The transition from word of mouth during the interview to computerized information seems to have been iffy.
Nine-patch with neon black prints, grays and an
emphasis on blue rather than brown. Looks later, early 20th century.

We call these pink and green and black prints Neons today.
In the early 20th century they were "Black Novelty Prints"

Attributed to Mrs. John Kannerly Kneech
This Endless Chain is obviously later, from the color scheme and prints
1940 - 1960?

Kneice, Kneech, Kneece
What can we find out today about Mrs. K in Batesburg?

It didn't take long to find Louisa Drusilla Kneece
(That's a c at the end of Kneece)

Louisa Lowman Kneece 1834-1916
Her husband was Dr. John Kennerly Kneece (1818-1898)

The latest quilt could not have been made by Louisa
as she died in 1916, but it is likely she made the others
(even the one attributed to her husband.)

She must have married John when she was in her mid teens as her eldest child was born in 1850 when she was only about 16. She gave birth to eleven children, the last born in 1876 when she was about 42. From the quilts attributed to her we'd have to guess her quiltmaking didn't get started until that last boy was out of diapers. But it may have been more culture than time dictating her needlework choices.
When one of her sons was married the local newspaper
described the Kneeces as one of Lexington's
oldest and most prominent families. Dr. John Kennerly Kneece
was a well loved physician. Many of the Kneeces were

Batesburg a few years before Louisa died

Batesburg (now Batesburg-Leesville) is a town in two counties Lexington and Saluda (Towns straddle county lines often in South Carolina.) Louisa's Kneeces lived in Chinquapin township
in the general area of the red dot on the map. They attended church at St. Peter's Lutheran Church southeast of town and must have lived nearby.
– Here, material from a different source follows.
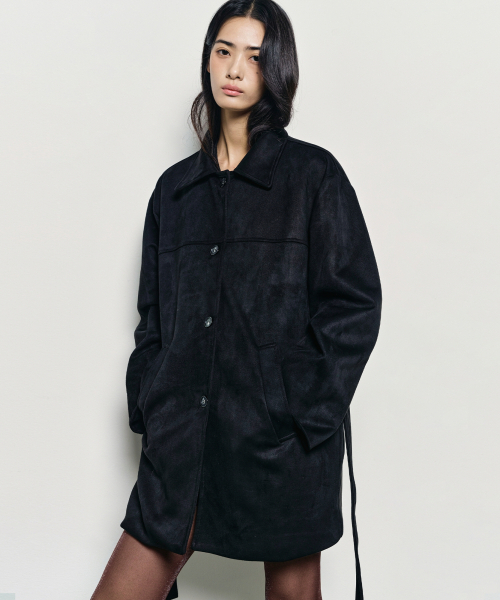 NICK&NICOLE(ニックアンドニコール)の「SUEDE BELTED HALF COAT_BLACK(チェスターコート・レディース・ブラック・FREE)」の2枚目の写真
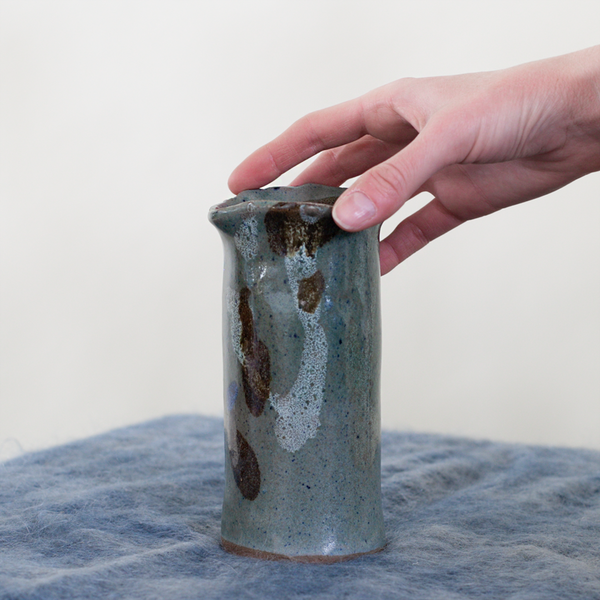 Slab Built Blue Ceramic Vase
More important to the geography is the location in the cultural region known as The Dutch Fork, settled by Germans---Deutsch Volk.  Louisa's parents were Nancy Hiller & Daniel Lohrman (changed to Lowman), both born in South Carolina.

MESDA (Museum of  Early Southern Decorative Arts)
has a family piece in their collection, a rare South Carolina
Taufschein (baptismal certificate) for Louisa's father.

Batesburg train depot, photographed a year or two before Louisa's death.

Louisa lived a long life. Born in 1834 she was of the generation that took up quiltmaking enthusiastically in the years before the Civil War. It would be great to find earlier quilts by her. But she was a woman of The Dutch Fork.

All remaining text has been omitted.